Alnylam seeks CTA clearance to initiate ALN-PCS Phase I clinical trial for severe hypercholesterolemia

Alnylam Pharmaceuticals, Inc. (Nasdaq: ALNY), a leading RNAi therapeutics company, announced today that it has filed a Clinical Trial Application (CTA) with the Medicines and Healthcare products Regulatory Agency (MHRA) to initiate a Phase I clinical trial with ALN-PCS, an RNAi therapeutic for the treatment of severe hypercholesterolemia. Upon receiving clearance of the CTA, Alnylam plans to initiate the Phase I trial and expects to present initial safety, tolerability, and clinical activity data from this study by the end of this year.

“a major scientific breakthrough that happens once every decade or so”

"The filing of this CTA marks an important milestone in our Alnylam 5x15 product efforts, as it is the first program using our second generation lipid nanoparticle technology to enter clinical testing, where we aim to have important safety, tolerability, and clinical activity data by year's end. Moreover, we are excited about the potential for ALN-PCS to make an impact in the treatment of severe hypercholesterolemia as this RNAi therapeutic targets both intracellular and extracellular PCSK9, a target validated by human genetics that is known to play a central role in LDL cholesterol metabolism," said Akshay K. Vaishnaw, M.D., Ph.D., Senior Vice President and Chief Medical Officer of Alnylam. "We continue to execute on our Alnylam 5x15 initiative, which is focused on advancing innovative RNAi therapeutics that address genetically defined targets and diseases with high unmet medical need. ALN-PCS represents the second of such programs, following ALN-TTR01 which is currently in a Phase I trial with data expected later this quarter."

ALN-PCS is a systemically delivered RNAi therapeutic targeting the gene proprotein convertase subtilisin/kexin type 9, or PCSK9, a target validated by human genetics that is involved in the metabolism of low-density lipoprotein cholesterol (LDLc, or "bad" cholesterol). ALN-PCS targets both intracellular and extracellular PCSK9, thereby phenocopying the human genetics observed in loss of function or null human PCSK9 mutations (N. Engl. J. Med. (2006) 354:1264-1272; Am. J. Hum. Genet. (2006) 79: 514-523), without any adverse effects on high-density lipoprotein (HDL, or "good" cholesterol) levels. An RNAi therapeutic targeting PCSK9 has the potential to lower tissue and circulating plasma PCSK9 protein levels resulting in higher LDL receptor levels in the liver, and subsequently lower LDLc levels. Lower LDLc is associated with a decreased risk of cardiovascular disease, including myocardial infarction. Pre-clinical data from the ALN-PCS program have shown specific silencing of PCSK9 mRNA in the liver, and plasma PCSK9 protein levels of up to 90%, with an ED50 (the dose that provides a 50% silencing effect) of approximately 0.06 mg/kg for both mRNA and protein reduction. These studies have also demonstrated a greater than 50% reduction in levels of LDLc, which is rapid and durable, lasting for weeks after a single dose.

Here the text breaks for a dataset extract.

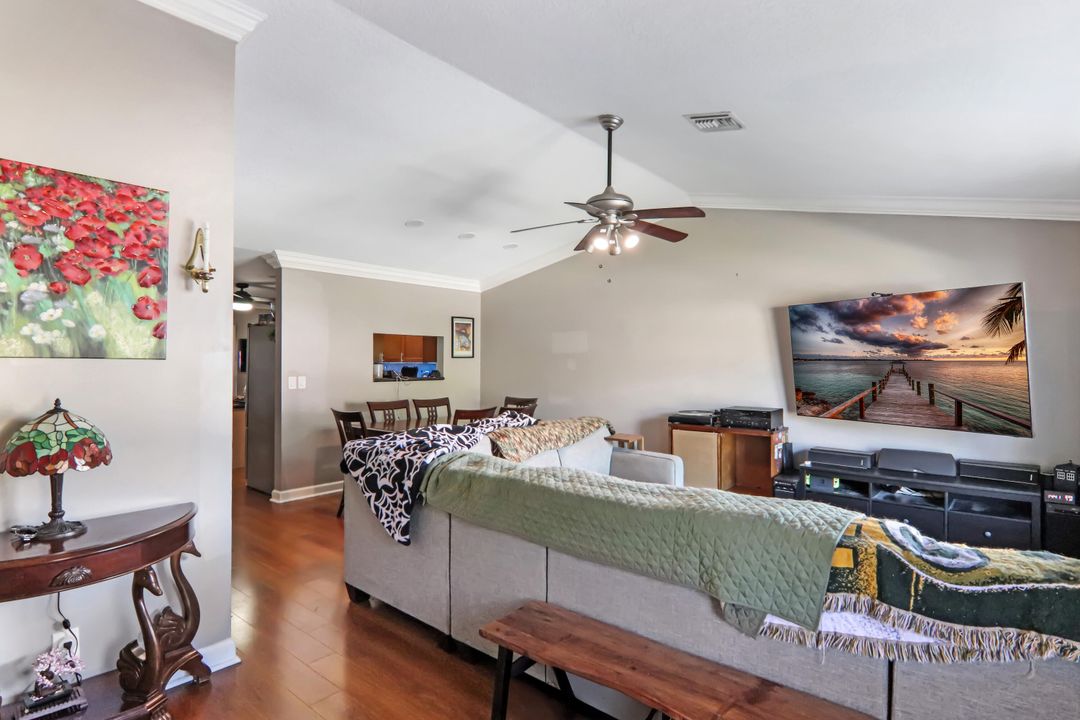 На продажу: $429,000 (3 спален, 2 ванн, 1453 Квадратных фут)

As per the filed CTA, the Phase I trial of ALN-PCS is expected to be conducted in the U.K. as a randomized, single-blind, placebo-controlled, single ascending dose study, enrolling approximately 32 healthy volunteer subjects with elevated baseline LDLc (>116mg/dL). The primary objective of the study is to evaluate the safety and tolerability of a single dose of ALN-PCS, with patients being enrolled into five sequential cohorts of increasing doses ranging from 0.015 to 0.25 mg/kg. Secondary objectives include characterization of plasma and urine pharmacokinetics of ALN-PCS, and assessment of pharmacodynamic effects of the drug on plasma PCSK9 protein and LDLc levels measured from serial blood samples prior to and following dosing.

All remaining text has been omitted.